Nel gennaio del 1969 è a Praga, per documentare i funerali di Jan Palach, poi di nuovo in Israele, a Gerusalemme, che frequenterà a lungo e con assiduità stringendo rapporti di amicizia con gli scrittori David Grossman e Abraham B. Yehoshua; allo stesso periodo è ascrivibile una delle rarissime immagini che la ritraggono in azione, in una località imprecisata dell’Egitto. Nel giugno del 1970 è nel Salento, in Puglia, dove documenta il fenomeno del tarantismo; compie quindi un lungo viaggio in camper verso la Turchia, giungendo fino in Iran, a Teheran e Persepoli. In Abruzzo documenta la festa pasquale dei Talami ad Orsogna, nel 1968, e il linguaggio gestuale a Cerqueto di Fano Adriano, nel 1977.

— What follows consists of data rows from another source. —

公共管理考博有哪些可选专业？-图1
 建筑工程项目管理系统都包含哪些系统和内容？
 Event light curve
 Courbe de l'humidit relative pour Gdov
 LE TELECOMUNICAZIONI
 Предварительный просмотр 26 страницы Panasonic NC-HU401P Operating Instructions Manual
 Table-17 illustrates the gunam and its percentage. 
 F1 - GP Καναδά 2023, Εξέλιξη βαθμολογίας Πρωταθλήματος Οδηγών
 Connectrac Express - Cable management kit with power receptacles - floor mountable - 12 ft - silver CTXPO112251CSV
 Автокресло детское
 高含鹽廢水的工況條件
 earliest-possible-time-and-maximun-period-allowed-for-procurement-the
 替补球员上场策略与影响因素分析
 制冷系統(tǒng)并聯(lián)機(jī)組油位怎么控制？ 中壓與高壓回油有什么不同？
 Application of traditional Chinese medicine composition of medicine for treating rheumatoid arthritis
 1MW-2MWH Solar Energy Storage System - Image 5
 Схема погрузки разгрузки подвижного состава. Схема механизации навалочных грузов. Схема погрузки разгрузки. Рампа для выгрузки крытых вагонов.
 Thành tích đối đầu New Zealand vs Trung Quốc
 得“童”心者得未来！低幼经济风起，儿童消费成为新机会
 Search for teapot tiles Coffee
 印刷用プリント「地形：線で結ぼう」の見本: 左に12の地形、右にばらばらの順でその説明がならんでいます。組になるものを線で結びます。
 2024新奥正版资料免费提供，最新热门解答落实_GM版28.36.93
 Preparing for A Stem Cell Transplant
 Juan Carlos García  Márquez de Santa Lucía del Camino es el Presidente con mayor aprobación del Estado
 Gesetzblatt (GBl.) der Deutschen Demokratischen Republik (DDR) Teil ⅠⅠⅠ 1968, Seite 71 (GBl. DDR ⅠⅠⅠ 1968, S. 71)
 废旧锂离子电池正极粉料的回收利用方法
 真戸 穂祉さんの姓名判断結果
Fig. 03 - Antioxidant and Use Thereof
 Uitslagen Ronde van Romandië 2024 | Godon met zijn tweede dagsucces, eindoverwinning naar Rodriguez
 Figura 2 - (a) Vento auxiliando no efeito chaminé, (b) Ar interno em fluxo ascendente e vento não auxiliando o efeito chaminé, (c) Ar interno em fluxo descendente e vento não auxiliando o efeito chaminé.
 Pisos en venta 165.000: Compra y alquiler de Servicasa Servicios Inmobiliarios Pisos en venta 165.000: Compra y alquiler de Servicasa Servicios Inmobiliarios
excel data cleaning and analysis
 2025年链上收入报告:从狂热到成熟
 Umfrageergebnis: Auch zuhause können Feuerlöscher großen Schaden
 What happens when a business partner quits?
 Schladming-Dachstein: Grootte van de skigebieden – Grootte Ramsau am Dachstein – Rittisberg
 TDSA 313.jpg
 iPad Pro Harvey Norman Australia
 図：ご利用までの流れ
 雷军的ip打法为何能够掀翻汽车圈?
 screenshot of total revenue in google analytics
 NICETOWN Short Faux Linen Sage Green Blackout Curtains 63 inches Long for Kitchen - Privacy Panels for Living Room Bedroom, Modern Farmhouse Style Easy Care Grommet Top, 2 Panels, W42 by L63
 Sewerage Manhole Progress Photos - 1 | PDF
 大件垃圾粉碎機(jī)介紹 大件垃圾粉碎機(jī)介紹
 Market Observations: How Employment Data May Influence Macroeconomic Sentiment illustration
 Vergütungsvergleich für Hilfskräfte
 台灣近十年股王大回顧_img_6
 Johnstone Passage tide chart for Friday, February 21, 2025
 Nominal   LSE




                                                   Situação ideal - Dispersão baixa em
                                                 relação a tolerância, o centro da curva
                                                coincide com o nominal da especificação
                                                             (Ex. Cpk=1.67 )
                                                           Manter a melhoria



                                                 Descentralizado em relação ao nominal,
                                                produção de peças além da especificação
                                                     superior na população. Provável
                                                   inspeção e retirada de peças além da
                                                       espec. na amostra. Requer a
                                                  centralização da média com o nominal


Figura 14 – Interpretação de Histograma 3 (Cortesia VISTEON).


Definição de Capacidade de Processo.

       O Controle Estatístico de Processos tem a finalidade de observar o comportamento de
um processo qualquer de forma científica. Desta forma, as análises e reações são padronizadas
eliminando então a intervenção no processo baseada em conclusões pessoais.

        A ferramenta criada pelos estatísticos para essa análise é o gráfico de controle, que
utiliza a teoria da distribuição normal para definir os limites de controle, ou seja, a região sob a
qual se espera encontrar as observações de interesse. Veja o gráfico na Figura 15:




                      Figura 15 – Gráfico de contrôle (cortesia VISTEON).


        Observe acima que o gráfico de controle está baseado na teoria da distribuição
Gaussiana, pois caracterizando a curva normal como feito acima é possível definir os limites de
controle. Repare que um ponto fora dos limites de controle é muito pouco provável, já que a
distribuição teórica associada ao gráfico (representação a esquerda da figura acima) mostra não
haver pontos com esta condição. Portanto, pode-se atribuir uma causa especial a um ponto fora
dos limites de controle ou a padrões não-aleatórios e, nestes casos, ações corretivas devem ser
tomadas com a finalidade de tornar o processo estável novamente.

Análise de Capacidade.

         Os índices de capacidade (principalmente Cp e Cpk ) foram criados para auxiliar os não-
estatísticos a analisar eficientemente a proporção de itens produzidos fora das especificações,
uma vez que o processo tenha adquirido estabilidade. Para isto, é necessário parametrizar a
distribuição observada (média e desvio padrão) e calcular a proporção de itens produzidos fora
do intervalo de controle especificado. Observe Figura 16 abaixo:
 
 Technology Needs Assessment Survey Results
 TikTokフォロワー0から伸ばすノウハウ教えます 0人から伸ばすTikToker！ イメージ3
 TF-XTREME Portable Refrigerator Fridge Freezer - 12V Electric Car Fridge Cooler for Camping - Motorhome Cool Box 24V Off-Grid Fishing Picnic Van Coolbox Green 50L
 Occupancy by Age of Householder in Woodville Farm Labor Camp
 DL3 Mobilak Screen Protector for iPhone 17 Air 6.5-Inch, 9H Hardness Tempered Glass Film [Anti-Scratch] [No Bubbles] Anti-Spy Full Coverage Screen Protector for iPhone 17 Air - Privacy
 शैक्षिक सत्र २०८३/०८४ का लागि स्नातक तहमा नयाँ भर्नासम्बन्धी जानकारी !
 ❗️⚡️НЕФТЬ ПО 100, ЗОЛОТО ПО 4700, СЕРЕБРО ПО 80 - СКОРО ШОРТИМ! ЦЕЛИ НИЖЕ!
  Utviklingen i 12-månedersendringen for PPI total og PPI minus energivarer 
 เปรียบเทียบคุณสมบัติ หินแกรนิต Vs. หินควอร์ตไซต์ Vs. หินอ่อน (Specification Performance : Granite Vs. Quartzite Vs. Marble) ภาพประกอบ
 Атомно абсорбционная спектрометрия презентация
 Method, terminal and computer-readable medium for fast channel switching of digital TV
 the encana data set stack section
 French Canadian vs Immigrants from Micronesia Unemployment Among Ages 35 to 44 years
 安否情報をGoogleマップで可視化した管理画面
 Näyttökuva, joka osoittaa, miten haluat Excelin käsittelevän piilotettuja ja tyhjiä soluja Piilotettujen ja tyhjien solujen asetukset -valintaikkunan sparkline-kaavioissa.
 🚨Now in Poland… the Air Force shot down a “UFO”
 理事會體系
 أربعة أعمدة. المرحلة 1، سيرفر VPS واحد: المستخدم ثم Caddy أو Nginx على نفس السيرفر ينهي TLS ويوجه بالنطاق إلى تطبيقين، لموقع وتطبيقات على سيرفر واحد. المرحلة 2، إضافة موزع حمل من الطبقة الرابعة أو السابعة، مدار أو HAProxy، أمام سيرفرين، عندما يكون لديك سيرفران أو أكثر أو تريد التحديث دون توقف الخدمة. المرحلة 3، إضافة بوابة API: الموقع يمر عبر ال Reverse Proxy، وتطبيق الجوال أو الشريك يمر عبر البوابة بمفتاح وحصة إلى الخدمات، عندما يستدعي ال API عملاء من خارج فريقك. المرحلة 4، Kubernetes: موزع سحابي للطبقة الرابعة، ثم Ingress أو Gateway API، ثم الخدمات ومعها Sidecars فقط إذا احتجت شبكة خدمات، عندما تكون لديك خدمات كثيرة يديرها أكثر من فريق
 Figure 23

Nei decenni seguenti è a Parigi, a Cuba, di nuovo in Nepal, in India, in Israele, negli Stati Uniti, in Brasile, ancora in Turchia, in Argentina, in Cile, in Cina, in Etiopia, in Estonia, a Creta, in Egitto, in Giappone, in Birmania.
Espone in tutto il mondo e collabora con i maggiori quotidiani italiani e i più importanti settimanali, con quelli francesi, tedeschi, inglesi, americani, indiani. Pubblica ventisei volumi con Mondadori, Garzanti, Vallardi, Franco Maria Ricci, Edizioni Scientifiche Italiane, Fahrenheit 451, Vita e Pensiero, La Casa Usher, Edizioni Paoline.
Gli ultimi viaggi che compie sono nei luoghi che più degli altri aveva amato e frequentato nel corso della sua vita: a Gerusalemme, in Israele, nel 2000, e a Varanasi, in India, nell’autunno del 2001. Sebastiana Papa muore a Roma il 20 aprile del 2002, lasciando incompiuta la realizzazione dell’opera antologica Le Repubbliche delle Donne, dedicata al monachesimo femminile, portata poi a termine nel 2013 sulla base delle indicazioni dell’autrice.
Il suo archivio, costituito da circa 7 mila pellicole negative 35 mm, da una corposa raccolta di provini, di stampe fotografiche di vario formato, di materiali di lavoro, unitamente alle macchine usate, due Leica M3, è stato donato nel 2006 per volontà dei fratelli all’Istituto Centrale per il Catalogo e la Documentazione di Roma (ICCD, Gabinetto Fotografico Nazionale); la sua biblioteca, secondo le volontà da lei espresse, è stata donata al Centro per la pace e l’intercultura di Nonantola, in provincia di Modena.
Le sue ceneri sono riposte nel piccolo cimitero del Monastero Cistercense della Stretta Osservanza di Vitorchiano.